Berdasarkan Pasal 1320 K.U.H.Perdata, suatu perjanjian baru sah kalau
memenuhi syarat sebagai berikut:
1. Sepakat diantara mereka yang membuat perjanjian.
2. Kecakapan untuk membuat perjanjian.
3. Adanya suatu hal tertentu.
4. Adanya suatu sebab yang halal.
Dalam hubungannya dengan kuasa mutlak ini, perlu kiranya dikemukakan
bahwa Instruksi Menteri Dalam Negeri Nomor 14 Tahun 1982 ini dikeluarkan
sebagai usaha meniadakan perbuatan-perbuatan hukum mengenai tanah,
khususnya mengenai pemilikan hak atas tanah yang sering terjadi dalam
masyarakat yang dapat mengganggu tercapainya Program Catur Tertib di bidang
pertanahan, yaitu tertib hukum pertanahan, tertib administrasi pertanahan, tertib
penggunaan tanah, tertib pemeliharaan tanah dan lingkungan hidup.
Adapun perbuatan hukum yang dimaksud dalam Instruksi Mendagri ini
ialah perbuatan memindahkan/mengalihkan hak atas tanah secara terselubung,
yakni suatu transaksi yang pada hakekatnya merupakan suatu
pemindahan/pengalihan hak atas tanah, akan tetapi dilakukan dengan cara yang
tidak sesuai dengan prosedur yang diatur dalam Pasal 19 Peraturan Pemerintah
(PP) Nomor 10 Tahun 1961 jo PP Nomor 24 Tahun 1997 tentang Pendaftaran
Tanah Pasal 39 huruf D, yaitu dengan membuat akta jual beli di hadapan Pejabat
Pembuat Akta Tanah (PPAT), tetapi dilakukan dengan memberikan kuasa mutlak
11
kepada pembeli, yang berdasarkan kuasa tersebut dapat melakukan segala
tindakan dan perbuatan hukum mengenai tanah yang bersangkutan, semuanya
sebagaimana yang dapat dilakukan oleh pemberi kuasa sendiri selaku pemilik.
Apabila diperhatikan proses pemberian kuasa mutlak ini dalam pengalihan
hak atas tanah, maka dalam prakteknya hal ini dapat merugikan si pemberi kuasa
karena banyak di antara penerima kuasa mutlak ini menyalahgunakan kuasa yang
diterimanya untuk kepentingan yang berlainan atau untuk kepentingan pribadinya.
Berdasarkan hal-hal di atas, maka penulis merasa tertarik untuk membahas
dan mengkaji permasalahan tersebut dalam bentuk sebuah tesis yang berjudul:
“Larangan Penggunaan Kuasa Mutlak Notariil Dalam Pengalihan
Hak Atas Tanah Sebagai Suatu Upaya Perlindungan Hukum Bagi
Pemegang Hak Atas Tanah.”
1.2. Pembatasan Permasalahan
Agar dalam penulisan tesis ini tidak menyimpang dari topik yang diambil,
maka dalam penelitian ini penulis perlu membatasi masalah-masalah yang
menjadi objek penelitian saja.
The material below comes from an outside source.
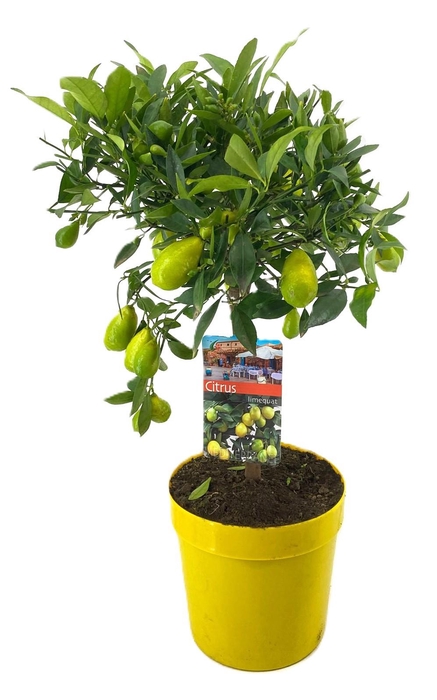 <h4>Citrus limequat</h4>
Pembatasan permasalahan tersebut hanya mengenai
kuasa mutlak notariil dalam pengalihan hak atas tanah.
1.3. Perumusan Permasalahan
Berdasarkan latar belakang di atas, maka prmasalahan yang akan diteliti
dapat dirumuskan sebagai berikut :
12
1. Apakah larangan penggunaan surat kuasa mutlak notariil dalam rangka
pengalihan hak atas tanah tidak bertentangan dengan asas kebebasan
berkontrak ?
2. Perlindungan hukum apakah yang dapat diberikan bagi pemegang hak atas
tanah yang tanahnya dialihkan berdasarkan kuasa mutlak ?
1.4. Tujuan Penelitian
Penelitian ini bertujuan :
1. Untuk mengetahui apakah larangan penggunaan surat kuasa mutlak
notariil dalam rangka pengalihan hak atas tanah tidak bertentangan dengan
asas kebebasan berkontrak.
2. Untuk mengetahui Perlindungan hukum apakah yang dapat diberikan bagi
pemegang hak atas tanah yang tanahnya dialihkan berdasarkan kuasa
mutlak.
1.5. Kegunaan Penelitian
Penelitian ini diharapkan dapat memberikan kontribusi di bidang hukum
yaitu:
1. Sebagai sumbangan pemikiran dalam pengembangan ilmu hukum
sehingga dapat dijadikan pedoman dalam memahami lebih jauh mengenai
kuasa mutlak berdasarkan akta notariil.
2. Sebagai sumber masukan secara teori melalui penelitian perpustakaan
maupun secara praktek tentang permasalahan-permasalahan hukum yang
13
terjadi dalam praktek sehubungan dengan pembuatan kuasa mutlak dalam
pengalihan hak atas tanah.
3. Sebagai penambah literatur dan bahan bacaan di bidang hukum umumnya
dan bidang kenotariatan khususnya, sehingga mengurangi kesulitan dalam
mendapatkan bahan bacaan yang berhubungan dengan kuasa mutlak.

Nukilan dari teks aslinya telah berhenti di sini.